If a couple in the process of divorcing is still married on the last day of a tax year, they have the option of filing their federal tax return as married filing jointly or as married filing separately. The former tax status entitles the couple to additional tax benefits, such as the largest standard deduction, more generous tax brackets, and no dispute as to who claims the children that year as dependents.
For a sole working spouse, the double standard deduction can reduce taxable income significantly. On the other hand, both spouses become jointly and separately liable for: the accurate reporting of all income and credits, as well as the entire tax liability including interest and penalties if these are assessed.
If you prefer to separate your finances immediately, then filing separately may be a better option. Filing separately can entitle the custodial parent to file as head of household. This is an advantageous tax status which carries a higher standard deduction and the possibility of qualifying for additional tax credits. For the non-custodial parent, filing separately may result in higher taxes – but no shared liability with a spouse that can’t be trusted or is not cooperating on a joint return.
Spouses filing taxes separately – either before or following a divorce – can never claim the same child on both of their tax returns in any given year. The right to claim dependents normally goes to the parent with physical custody and must be waived by the custodial parent signing IRS Form 8332.
Certain deductions only exist if the divorce is not finalized before the end of the tax year. For instance, if one spouse contributed to the other spouse’s traditional IRA during the tax year, the contributing spouse can only deduct their contribution if the divorce is not yet finalized at the end of the tax year. Otherwise, the contribution stands and may be divided if it is designated marital property by the court, but the tax deduction for the IRA contribution will be lost.
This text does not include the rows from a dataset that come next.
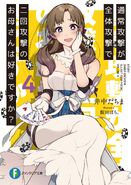 Do You Love Your Mom and Her Two-Hit Multi-Target Attacks?/Light Novel 4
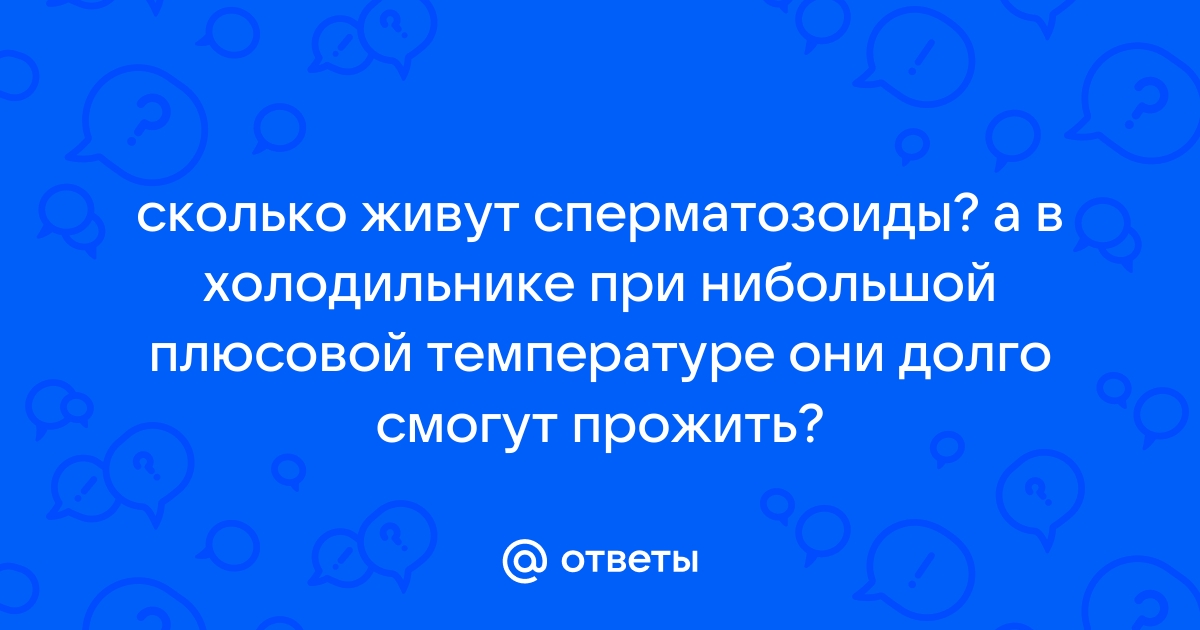 Как долго живут сперматозоиды во рту? | Where I Get My Meds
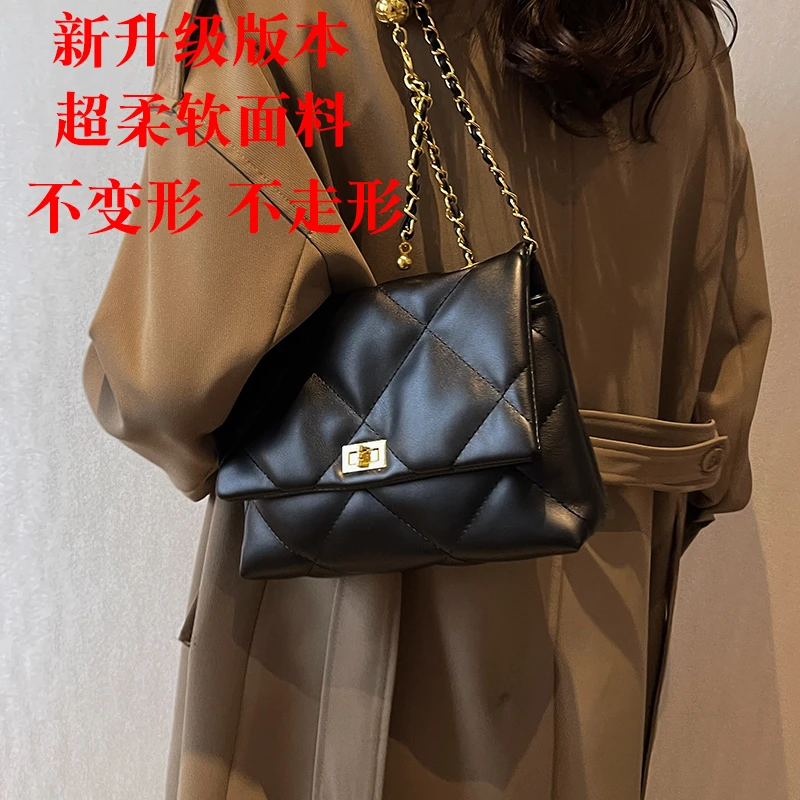 【新升级面料】菱格小包包女2024新款时尚斜挎链条包质感百搭小方包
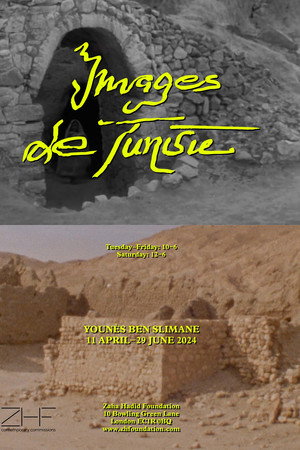 Images de Tunisie/صور من تونس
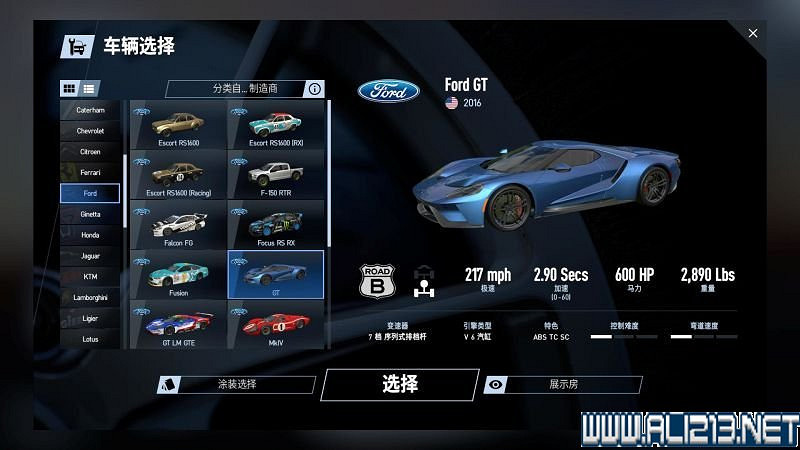 《賽車計劃2 》全車輛+全賽道圖鑒+全賽製駕駛技巧圖文攻略【完結】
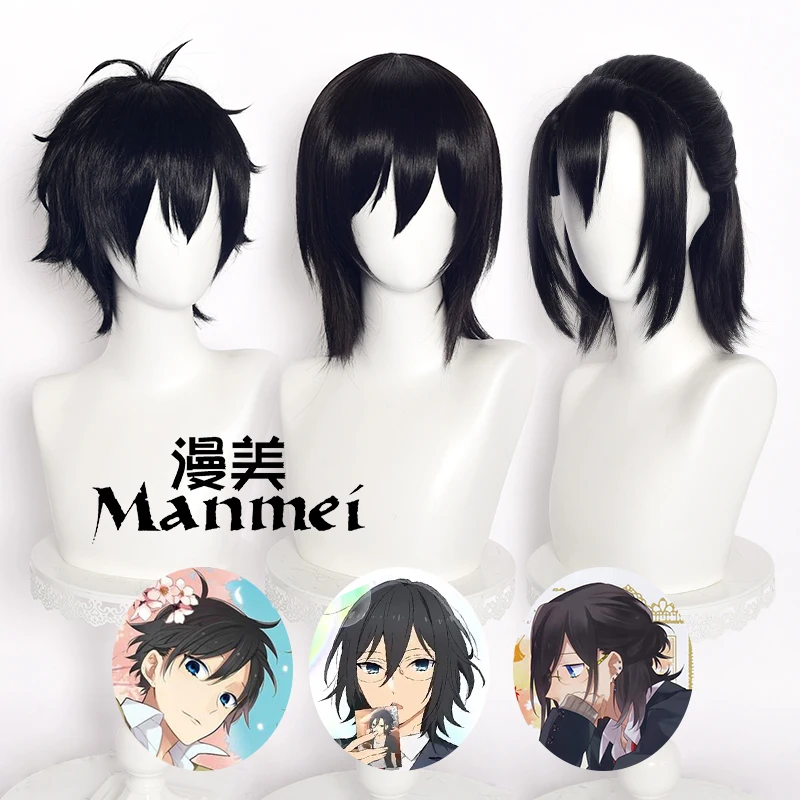 Парик для косплея MIYAMURA-kun Miyamura Izumi, синтетические волосы из мягкого шелка, высокотемпературные, из аниме «Хори-сан», для косплея
Парик для косплея MIYAMURA-kun Miyamura Izumi, синтетические волосы из мягкого шелка, высокотемпературные, из аниме «Хори-сан», для косплея
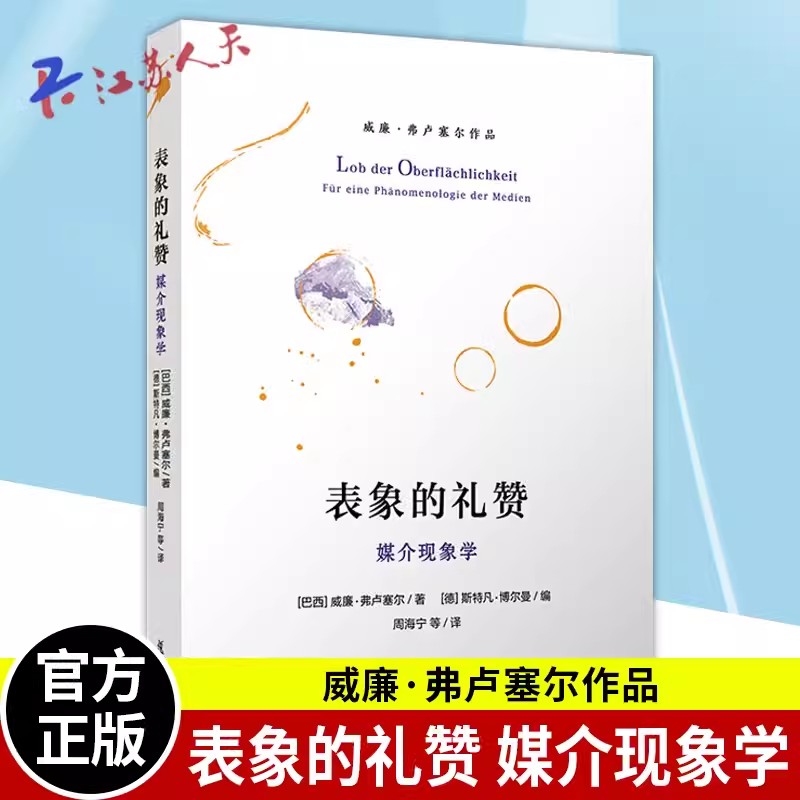 正版表象的礼赞媒介现象学威廉弗卢塞尔著传播媒介哲学研究数字媒介思想复旦大学出版社9787309131932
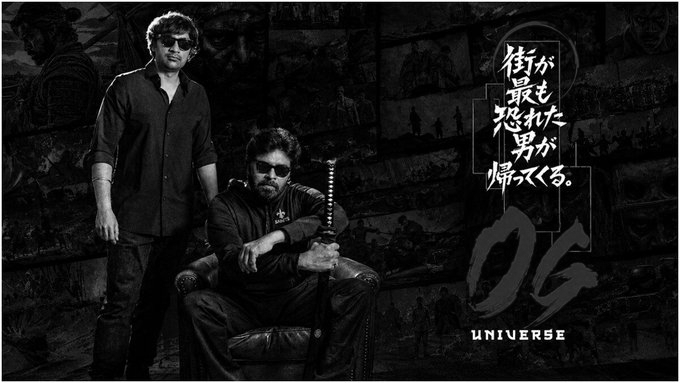 You Asked, We Heard: Pawan Kalyan Announces OG 2 as Sujeeth Expands OG Universe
All property distribution in Alpharetta follows the rule of equitable division of assets. This means that the court must determine that the two spouses receive an equitable share of the marital assets, when balanced against both parties’ separate property, their earning ability, and other factors. If one spouse is granted physical custody of the children, they may also receive title to the marital home and the larger vehicle in the settlement, while the other spouse may receive a larger share of the savings account or family business.
Parents awarded custody will benefit from the Head of Household tax status and various tax credits available only to those who are able to claim dependents on their tax returns. As of the 2017 Tax Cuts and Jobs Act, alimony ordered in divorces effective after January 1, 2018 is no longer tax-deductible to the payor nor taxable to the recipient. Child support, as always, remains a non-taxable event.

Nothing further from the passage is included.